Dans cette nouvelle bataille, qui commençait entre Aisne et Marne, chacun
se rendait compte que la situation exigeait tous les dévouements, tous
les sacrifices. Il fallait faire face à l'attaque allemande sur le Chemin
des Dames, déclenchée dans la nuit du 26 au 27 Mai. Le 30 Mai, la mort
du Lieutenant Lebarbu, déjà célébre dans l'aviation d'observation,
marquait le début d'une période de durs combats. Le lendemain, l'Escadre
perdait les équipages Artin, Galbrun, Béranger, Wolff,
de la 29 ; Lecomte, Garcette, de la 129. Deux jours après,
c'était Istria qui tombait dans nos lignes ; puis l'observateur
américain Eymann qui était abattu en flammes avec le Maréchal des
logis Contel, de la 129. Le G.B. 5 perdait les Lieutenants de
Loture et Xambo ; les Adjudants Ordronneau et Dupriez,
vieux brave de 45 ans ; le Sergent Gresnal ; le Caporal Guillain.
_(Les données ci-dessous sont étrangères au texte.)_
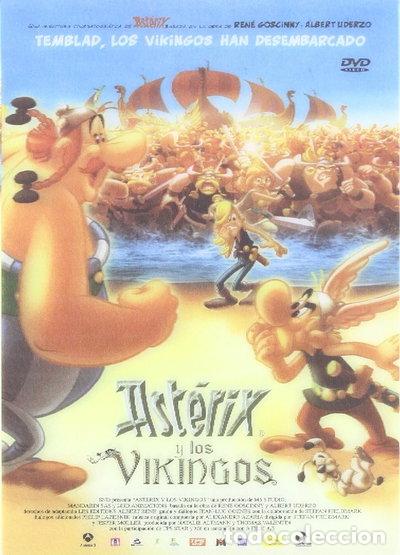 Cine: Ast&eacute;rix y los Vikingos- 8421466638705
Le 4 Juin, le commandant de l'Escadre, transmettait par la voie de l'ordre
les félicitations qu'il recevait :
De tous côtés affluent les remerciements des fantassins pour l'aide immédiate
qui leur est apportée par les bombardements de champ de bataille. Hier
encore le bombardement du ravin de « la Savières a enthousiasmé la 128e
division ; il a probablement retardé une forte attaque qui n'a pu être
déclenchée que ce matin et a été repoussée. Les bombardiers forcent l'admiration
de tous.
Le Chef d'escadron commandant l'Escadre adresse ses félicitations à tout
le personnel des groupes, pour le travail considérable qui a été fourni
par eux depuis le début de l'offensive allemande et notamment depuis le
31 Mai.
Pendant les journées des 31 Mai, 1er, 2 et 3 Juin, l'Escadre a lancé 105
tonnes d'explosifs sur l'ennemi et a abattu 13 avions allemands (homologués).
»
Le 4 Juin, le Sous-Lieutenant de La Chapelle et son mitrailleur
de Massin étaient tués. Le 9 Juin, deux appareils du G.B. 5 entraient
en collision au-dessus de l'objectif et les équipages Maréchal des logis
Ropartz et Caporal Milloud ; Maréchal des logis Boulanger
et Sous-Lieutenant Ménand tombaient chez l'ennemi. Le 12 Juin,
au bombardement de Resson-sur-Martz, l'équipage Maréchal des logis Bossard,
Sergent Leyre tombait en flammes près de l'objectif. Le 14 Juin,
le Lieutenant Gicquel, de la 29, était tué au bombardement de Soissons.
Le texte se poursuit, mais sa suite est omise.